=== DATA TO EXAMINE ===

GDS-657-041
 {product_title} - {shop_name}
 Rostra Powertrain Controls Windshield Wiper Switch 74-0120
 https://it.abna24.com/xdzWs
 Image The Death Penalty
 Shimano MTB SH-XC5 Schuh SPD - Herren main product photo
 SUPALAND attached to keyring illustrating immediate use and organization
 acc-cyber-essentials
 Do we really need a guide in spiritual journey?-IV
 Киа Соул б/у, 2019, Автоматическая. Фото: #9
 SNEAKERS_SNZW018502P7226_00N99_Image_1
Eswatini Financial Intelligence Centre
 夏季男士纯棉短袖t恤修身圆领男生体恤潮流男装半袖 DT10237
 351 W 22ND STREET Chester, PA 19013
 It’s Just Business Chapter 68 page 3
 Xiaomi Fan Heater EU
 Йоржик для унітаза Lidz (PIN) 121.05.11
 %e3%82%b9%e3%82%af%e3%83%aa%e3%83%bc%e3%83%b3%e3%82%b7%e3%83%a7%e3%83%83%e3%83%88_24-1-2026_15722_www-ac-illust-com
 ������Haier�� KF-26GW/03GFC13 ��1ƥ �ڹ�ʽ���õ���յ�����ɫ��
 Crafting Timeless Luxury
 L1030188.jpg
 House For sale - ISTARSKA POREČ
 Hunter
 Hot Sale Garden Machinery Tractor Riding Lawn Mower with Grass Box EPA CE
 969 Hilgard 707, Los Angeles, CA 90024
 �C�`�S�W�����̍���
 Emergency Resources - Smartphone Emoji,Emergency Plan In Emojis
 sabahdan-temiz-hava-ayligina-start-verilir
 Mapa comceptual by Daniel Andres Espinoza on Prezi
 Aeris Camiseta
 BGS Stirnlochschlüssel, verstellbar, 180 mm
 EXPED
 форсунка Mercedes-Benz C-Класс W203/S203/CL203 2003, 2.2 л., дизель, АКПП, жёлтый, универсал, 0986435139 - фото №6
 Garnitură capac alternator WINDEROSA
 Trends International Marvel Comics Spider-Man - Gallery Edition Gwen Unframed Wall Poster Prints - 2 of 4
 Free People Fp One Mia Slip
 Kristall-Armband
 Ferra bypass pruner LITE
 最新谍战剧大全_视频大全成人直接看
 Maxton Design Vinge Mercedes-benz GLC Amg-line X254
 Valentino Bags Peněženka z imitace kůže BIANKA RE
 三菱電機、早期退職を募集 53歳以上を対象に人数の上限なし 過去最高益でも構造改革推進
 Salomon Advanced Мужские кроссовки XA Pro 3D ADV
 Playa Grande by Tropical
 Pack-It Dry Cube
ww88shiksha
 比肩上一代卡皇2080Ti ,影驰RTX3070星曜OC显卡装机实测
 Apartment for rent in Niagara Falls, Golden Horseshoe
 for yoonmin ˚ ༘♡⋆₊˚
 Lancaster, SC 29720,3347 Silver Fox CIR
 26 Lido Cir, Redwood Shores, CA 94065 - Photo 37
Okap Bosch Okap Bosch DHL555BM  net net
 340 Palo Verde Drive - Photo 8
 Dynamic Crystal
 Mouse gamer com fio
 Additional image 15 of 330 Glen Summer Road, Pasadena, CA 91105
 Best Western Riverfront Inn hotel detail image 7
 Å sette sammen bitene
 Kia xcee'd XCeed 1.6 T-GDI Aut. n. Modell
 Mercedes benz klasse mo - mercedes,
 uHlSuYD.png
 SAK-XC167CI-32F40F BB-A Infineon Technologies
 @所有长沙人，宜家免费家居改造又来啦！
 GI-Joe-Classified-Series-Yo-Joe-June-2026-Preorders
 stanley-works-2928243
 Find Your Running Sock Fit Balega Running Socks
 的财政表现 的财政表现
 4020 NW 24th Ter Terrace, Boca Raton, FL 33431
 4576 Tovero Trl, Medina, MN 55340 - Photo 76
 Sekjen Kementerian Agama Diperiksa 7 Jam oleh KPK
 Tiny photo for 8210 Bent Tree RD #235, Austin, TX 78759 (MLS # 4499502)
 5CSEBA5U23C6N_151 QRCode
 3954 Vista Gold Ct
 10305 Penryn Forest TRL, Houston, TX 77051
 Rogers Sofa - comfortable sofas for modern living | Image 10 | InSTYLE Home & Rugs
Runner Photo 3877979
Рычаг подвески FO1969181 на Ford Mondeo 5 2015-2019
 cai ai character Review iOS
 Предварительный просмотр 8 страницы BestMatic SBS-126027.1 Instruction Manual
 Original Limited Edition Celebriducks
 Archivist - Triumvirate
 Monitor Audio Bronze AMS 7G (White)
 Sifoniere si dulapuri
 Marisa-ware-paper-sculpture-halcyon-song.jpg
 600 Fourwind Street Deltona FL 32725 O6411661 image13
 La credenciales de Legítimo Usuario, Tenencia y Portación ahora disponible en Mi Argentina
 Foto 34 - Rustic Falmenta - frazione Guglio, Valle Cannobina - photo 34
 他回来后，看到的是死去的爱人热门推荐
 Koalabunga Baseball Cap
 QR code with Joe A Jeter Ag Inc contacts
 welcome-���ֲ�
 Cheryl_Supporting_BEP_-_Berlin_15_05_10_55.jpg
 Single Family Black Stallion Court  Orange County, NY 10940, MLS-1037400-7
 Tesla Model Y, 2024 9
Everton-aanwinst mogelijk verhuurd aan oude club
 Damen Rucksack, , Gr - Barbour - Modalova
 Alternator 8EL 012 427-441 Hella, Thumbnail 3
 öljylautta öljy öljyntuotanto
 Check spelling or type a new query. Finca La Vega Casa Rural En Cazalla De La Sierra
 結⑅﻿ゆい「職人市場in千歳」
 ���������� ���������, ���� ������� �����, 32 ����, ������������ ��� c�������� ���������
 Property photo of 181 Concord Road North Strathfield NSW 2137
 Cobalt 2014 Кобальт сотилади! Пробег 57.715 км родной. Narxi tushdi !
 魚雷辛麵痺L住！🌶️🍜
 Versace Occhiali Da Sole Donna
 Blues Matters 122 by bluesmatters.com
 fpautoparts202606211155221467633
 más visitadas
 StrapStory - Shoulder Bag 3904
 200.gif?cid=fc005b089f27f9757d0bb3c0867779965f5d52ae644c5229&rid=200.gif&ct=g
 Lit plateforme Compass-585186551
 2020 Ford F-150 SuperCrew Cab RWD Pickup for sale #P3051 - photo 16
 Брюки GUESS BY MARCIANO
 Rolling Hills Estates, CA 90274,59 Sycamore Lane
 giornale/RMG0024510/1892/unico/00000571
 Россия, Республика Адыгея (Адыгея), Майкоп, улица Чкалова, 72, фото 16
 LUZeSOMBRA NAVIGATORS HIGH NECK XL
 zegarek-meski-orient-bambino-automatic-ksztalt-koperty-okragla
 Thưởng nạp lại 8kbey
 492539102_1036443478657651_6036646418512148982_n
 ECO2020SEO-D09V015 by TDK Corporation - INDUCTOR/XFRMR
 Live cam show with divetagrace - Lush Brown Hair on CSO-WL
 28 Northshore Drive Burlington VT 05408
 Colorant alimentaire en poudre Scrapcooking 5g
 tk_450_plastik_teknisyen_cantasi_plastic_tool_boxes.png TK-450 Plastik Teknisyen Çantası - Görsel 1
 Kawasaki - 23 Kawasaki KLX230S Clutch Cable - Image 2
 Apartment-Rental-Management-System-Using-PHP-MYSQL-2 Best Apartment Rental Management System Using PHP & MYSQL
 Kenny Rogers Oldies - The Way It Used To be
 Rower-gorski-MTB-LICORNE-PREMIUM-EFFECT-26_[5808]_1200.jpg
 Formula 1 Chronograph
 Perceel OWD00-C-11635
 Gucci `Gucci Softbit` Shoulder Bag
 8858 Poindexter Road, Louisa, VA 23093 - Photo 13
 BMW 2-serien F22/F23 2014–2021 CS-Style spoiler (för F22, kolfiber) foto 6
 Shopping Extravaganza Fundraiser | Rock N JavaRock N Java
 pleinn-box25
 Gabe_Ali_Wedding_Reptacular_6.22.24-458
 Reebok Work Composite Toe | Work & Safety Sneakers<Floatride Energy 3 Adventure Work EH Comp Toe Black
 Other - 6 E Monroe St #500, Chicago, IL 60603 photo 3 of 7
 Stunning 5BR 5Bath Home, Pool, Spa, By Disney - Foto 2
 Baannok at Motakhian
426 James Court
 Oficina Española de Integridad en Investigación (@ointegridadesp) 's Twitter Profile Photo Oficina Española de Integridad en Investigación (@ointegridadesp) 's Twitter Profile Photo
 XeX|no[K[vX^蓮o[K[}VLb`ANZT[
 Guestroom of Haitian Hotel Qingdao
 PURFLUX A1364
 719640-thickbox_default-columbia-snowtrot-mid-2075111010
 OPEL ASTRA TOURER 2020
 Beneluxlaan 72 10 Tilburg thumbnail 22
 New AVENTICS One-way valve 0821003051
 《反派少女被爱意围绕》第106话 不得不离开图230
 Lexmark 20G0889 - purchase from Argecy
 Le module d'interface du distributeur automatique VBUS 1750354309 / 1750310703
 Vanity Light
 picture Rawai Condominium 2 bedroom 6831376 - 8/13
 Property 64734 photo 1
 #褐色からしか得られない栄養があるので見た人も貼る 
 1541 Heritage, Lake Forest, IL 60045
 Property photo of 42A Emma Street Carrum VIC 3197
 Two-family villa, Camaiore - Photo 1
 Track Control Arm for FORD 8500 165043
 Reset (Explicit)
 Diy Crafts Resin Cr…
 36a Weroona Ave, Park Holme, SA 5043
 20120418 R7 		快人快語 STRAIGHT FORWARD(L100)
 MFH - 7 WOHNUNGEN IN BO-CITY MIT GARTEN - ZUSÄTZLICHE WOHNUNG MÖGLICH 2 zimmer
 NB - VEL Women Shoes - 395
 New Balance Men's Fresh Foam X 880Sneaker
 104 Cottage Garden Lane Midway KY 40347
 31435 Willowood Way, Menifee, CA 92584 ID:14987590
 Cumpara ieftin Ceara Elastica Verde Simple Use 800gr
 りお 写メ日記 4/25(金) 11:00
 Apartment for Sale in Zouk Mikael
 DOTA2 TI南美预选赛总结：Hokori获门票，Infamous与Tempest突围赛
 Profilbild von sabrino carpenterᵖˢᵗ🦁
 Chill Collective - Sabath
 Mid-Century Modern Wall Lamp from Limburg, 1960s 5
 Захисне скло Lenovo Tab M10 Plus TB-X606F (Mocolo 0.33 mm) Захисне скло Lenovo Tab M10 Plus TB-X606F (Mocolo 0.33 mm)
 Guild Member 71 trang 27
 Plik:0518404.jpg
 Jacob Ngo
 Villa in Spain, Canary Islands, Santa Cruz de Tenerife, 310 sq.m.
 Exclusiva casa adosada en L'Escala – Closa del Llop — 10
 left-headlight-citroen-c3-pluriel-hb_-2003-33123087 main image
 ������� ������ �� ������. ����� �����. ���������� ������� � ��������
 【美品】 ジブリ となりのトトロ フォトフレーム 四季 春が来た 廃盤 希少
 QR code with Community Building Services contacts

===

In the entries above, one line contains "ECO2020SEO-D09V015 by TDK" and another contains "OPEL ASTRA TOURER 2020". Reproduce exactly those two lines and the lines between them, nothing else.

* [TASK ANSWER]:
 ECO2020SEO-D09V015 by TDK Corporation - INDUCTOR/XFRMR
 Live cam show with divetagrace - Lush Brown Hair on CSO-WL
 28 Northshore Drive Burlington VT 05408
 Colorant alimentaire en poudre Scrapcooking 5g
 tk_450_plastik_teknisyen_cantasi_plastic_tool_boxes.png TK-450 Plastik Teknisyen Çantası - Görsel 1
 Kawasaki - 23 Kawasaki KLX230S Clutch Cable - Image 2
 Apartment-Rental-Management-System-Using-PHP-MYSQL-2 Best Apartment Rental Management System Using PHP & MYSQL
 Kenny Rogers Oldies - The Way It Used To be
 Rower-gorski-MTB-LICORNE-PREMIUM-EFFECT-26_[5808]_1200.jpg
 Formula 1 Chronograph
 Perceel OWD00-C-11635
 Gucci `Gucci Softbit` Shoulder Bag
 8858 Poindexter Road, Louisa, VA 23093 - Photo 13
 BMW 2-serien F22/F23 2014–2021 CS-Style spoiler (för F22, kolfiber) foto 6
 Shopping Extravaganza Fundraiser | Rock N JavaRock N Java
 pleinn-box25
 Gabe_Ali_Wedding_Reptacular_6.22.24-458
 Reebok Work Composite Toe | Work & Safety Sneakers<Floatride Energy 3 Adventure Work EH Comp Toe Black
 Other - 6 E Monroe St #500, Chicago, IL 60603 photo 3 of 7
 Stunning 5BR 5Bath Home, Pool, Spa, By Disney - Foto 2
 Baannok at Motakhian
426 James Court
 Oficina Española de Integridad en Investigación (@ointegridadesp) 's Twitter Profile Photo Oficina Española de Integridad en Investigación (@ointegridadesp) 's Twitter Profile Photo
 XeX|no[K[vX^蓮o[K[}VLb`ANZT[
 Guestroom of Haitian Hotel Qingdao
 PURFLUX A1364
 719640-thickbox_default-columbia-snowtrot-mid-2075111010
 OPEL ASTRA TOURER 2020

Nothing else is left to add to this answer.